Kurissery Gopala Pillai  was an orientalist, researcher, lexicographer, poet, essayist, grammarian and scholar of Malayalam and Sanskrit languages. He specialised in Comparative study of languages.

Biography
He was born to Cheruvilayil Padmanabha Pillai and L. Kalyani Amma on 3 March 1914 at Panmana in Kollam district. He married P. Soudamini Amma in 1943. He is survived by two daughters and two sons.

Education
He did his schooling in Panmana Manayil High School and later joined the H.H The Maharaja's Sanskrit College, Thiruvananthapuram. He had five years of Sanskrit study before joining the college. From Sanskrit College, he passed the Sastry and completed Upadhyaya courses.

Career
Gopala Pillai started his professional career as Headmaster of Sanskrit schools at Perumbuzha (1934) and Panmana (1935). From 1938 to '42, he was the headmaster of Brahmanandodayam Sanskrit School run by Advaithashramam in Kalady. He was also the secretary of the Hindu Youth Service Society which was presided over by Swami Agamananda, social reformer and founder of Advaita Ashram at Kalady. During 1944-'45, he enrolled to military service and traveled across North India.
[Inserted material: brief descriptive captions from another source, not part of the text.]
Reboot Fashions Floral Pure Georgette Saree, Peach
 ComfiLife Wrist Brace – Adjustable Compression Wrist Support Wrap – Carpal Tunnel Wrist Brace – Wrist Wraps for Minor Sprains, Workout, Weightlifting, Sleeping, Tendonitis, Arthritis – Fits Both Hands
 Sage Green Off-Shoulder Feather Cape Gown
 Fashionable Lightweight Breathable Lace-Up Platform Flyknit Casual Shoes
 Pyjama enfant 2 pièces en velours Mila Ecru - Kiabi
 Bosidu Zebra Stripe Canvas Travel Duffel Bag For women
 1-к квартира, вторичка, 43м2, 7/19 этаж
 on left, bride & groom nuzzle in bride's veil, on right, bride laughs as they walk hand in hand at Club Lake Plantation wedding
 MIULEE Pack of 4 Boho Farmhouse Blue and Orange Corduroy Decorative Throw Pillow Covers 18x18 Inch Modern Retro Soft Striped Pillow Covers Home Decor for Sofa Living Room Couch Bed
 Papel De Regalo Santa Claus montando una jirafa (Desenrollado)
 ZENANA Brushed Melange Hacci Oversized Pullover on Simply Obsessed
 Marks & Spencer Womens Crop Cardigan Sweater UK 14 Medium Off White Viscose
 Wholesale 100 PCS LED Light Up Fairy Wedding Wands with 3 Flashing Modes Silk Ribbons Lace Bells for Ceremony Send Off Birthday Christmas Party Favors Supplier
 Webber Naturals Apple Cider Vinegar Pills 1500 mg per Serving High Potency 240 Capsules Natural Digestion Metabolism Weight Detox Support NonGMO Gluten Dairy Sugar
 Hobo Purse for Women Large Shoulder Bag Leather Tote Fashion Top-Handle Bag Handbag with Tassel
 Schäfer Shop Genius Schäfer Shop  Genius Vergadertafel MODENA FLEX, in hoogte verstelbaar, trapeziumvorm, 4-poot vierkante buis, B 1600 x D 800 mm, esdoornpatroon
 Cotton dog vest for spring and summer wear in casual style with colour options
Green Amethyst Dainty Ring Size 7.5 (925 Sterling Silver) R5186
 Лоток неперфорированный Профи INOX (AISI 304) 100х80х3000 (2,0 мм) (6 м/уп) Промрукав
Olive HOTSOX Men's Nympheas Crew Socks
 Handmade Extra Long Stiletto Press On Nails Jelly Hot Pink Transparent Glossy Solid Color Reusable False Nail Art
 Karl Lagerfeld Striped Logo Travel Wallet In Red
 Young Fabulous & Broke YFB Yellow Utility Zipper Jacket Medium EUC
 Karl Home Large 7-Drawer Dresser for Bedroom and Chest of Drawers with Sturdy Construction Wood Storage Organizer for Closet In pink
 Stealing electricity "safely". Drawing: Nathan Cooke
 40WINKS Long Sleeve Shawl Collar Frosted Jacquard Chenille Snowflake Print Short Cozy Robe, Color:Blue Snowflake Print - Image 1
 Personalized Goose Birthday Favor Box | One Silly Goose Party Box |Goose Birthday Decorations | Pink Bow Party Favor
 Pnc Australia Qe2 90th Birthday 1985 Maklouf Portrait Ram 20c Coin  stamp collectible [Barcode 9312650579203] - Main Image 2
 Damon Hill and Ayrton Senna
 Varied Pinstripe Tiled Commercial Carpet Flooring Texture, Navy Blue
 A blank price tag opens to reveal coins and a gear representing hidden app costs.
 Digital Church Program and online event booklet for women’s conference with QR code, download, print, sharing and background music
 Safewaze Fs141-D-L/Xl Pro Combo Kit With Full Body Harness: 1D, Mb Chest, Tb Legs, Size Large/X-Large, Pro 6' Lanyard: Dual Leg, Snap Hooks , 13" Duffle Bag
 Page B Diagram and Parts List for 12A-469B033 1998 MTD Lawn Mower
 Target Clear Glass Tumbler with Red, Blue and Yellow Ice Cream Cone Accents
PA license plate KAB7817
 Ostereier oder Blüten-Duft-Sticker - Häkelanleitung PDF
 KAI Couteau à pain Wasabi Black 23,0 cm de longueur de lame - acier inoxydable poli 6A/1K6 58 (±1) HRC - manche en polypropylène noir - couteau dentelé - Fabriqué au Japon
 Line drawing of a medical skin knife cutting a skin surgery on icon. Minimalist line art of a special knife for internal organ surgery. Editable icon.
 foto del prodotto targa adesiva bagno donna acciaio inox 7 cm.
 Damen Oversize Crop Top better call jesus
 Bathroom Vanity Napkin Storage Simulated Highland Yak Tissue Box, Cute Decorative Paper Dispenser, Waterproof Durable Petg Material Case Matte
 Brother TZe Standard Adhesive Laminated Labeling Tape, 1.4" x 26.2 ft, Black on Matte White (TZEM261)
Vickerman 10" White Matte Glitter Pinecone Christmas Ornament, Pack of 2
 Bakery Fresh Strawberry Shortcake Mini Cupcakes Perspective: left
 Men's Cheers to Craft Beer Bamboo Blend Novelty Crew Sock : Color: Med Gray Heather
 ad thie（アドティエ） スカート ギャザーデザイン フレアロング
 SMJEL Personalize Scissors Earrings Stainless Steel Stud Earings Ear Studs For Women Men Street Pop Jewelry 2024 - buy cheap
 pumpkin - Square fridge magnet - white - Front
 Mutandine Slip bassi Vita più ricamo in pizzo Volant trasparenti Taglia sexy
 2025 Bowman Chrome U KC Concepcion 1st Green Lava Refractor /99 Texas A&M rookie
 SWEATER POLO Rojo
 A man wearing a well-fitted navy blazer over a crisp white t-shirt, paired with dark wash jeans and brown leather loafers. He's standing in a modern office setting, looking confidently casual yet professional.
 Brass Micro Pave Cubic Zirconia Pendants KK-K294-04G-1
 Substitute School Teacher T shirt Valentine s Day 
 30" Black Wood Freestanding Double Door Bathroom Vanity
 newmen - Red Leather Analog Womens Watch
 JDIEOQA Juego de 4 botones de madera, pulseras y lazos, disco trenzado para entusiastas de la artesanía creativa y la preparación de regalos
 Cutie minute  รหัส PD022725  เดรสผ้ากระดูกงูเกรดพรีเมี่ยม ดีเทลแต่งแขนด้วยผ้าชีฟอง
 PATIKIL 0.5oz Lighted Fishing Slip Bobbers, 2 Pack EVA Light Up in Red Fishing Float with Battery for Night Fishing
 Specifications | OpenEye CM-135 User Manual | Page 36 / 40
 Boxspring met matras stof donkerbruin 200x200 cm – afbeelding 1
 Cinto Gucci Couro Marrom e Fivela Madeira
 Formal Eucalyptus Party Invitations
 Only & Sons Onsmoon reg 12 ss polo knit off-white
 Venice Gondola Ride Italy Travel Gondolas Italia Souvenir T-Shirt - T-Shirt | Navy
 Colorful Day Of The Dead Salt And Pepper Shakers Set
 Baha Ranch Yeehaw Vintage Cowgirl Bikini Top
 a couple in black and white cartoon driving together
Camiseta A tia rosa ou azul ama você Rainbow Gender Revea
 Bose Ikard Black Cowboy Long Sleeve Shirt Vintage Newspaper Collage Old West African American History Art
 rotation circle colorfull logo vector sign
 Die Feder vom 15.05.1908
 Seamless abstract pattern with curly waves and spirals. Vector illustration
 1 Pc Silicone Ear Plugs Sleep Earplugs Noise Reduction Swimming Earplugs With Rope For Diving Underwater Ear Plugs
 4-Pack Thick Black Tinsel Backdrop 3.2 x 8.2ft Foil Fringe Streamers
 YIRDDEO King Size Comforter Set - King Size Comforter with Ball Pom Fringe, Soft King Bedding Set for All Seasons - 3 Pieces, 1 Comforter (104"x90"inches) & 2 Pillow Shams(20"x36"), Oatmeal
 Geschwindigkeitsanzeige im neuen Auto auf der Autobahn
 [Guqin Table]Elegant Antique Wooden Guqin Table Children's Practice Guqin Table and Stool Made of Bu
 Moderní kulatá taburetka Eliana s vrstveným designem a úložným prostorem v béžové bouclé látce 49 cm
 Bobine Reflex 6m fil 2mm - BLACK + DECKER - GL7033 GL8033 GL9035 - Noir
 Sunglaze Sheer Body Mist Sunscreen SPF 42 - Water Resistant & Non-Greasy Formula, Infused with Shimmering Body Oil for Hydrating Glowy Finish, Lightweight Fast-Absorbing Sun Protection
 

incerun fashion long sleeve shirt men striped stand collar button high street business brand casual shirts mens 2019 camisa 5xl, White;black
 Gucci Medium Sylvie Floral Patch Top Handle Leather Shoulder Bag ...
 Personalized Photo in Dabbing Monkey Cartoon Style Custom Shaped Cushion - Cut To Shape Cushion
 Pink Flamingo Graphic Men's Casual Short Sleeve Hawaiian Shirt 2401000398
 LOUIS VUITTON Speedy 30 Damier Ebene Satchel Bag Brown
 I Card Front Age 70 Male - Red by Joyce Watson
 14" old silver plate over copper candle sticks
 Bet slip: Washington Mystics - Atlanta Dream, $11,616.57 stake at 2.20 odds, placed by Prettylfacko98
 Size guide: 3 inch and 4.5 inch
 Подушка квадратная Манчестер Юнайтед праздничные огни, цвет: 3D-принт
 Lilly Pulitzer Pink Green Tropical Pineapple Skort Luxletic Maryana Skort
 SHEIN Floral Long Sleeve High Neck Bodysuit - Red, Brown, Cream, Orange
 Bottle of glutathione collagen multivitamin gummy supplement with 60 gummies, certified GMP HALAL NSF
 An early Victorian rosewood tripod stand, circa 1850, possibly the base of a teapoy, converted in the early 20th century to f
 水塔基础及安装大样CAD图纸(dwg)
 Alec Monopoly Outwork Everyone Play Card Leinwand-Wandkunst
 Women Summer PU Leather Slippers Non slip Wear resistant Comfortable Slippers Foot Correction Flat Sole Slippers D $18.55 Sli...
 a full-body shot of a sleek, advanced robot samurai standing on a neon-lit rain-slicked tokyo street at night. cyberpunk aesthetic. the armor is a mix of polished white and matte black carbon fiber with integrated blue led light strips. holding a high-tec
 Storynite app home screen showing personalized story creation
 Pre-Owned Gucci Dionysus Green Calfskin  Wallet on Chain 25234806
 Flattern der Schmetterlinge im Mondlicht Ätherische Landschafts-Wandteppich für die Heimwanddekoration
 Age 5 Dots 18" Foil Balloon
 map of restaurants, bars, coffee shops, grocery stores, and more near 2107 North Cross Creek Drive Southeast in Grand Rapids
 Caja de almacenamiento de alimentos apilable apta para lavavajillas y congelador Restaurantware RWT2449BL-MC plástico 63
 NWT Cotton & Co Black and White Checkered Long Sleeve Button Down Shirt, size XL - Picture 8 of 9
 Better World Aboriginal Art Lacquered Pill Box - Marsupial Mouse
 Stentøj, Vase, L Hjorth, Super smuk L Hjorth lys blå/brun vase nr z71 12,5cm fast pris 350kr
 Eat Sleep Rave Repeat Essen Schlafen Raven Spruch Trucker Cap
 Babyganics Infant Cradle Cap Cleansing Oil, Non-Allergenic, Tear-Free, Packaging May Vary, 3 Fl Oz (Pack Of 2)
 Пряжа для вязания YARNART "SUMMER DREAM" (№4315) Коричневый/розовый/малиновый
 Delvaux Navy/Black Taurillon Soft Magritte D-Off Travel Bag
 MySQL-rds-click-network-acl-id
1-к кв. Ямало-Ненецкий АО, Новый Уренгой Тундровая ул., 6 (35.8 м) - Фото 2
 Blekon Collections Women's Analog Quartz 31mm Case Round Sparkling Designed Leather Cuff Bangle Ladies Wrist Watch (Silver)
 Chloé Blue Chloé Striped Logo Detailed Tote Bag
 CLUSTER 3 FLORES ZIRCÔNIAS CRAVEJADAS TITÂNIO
Later he worked as Malayalam Lexicon Pandit at University of Kerala (1954–61) and as research officer at Oriental Research Institute and Manuscript Library of the University of Kerala at Thiruvananthapuram (1961–71). He served as the president of Malayalam Sahitya Samsat from 1966 to 1972 and worked in Kerala Sahitya Sahakarana Sanghom (1967–70). He was also a member of Kavimandalam.

Writer
Gopala Pillai who was a versatile writer in Malayalam has written books in Sanskrit as well. He had knowledge of Hindi, Bengali, Assamese, Punjabi, Gujarati, and Kannada languages too. His works spanned several genres covering both poetry and prose and covered diverse topics.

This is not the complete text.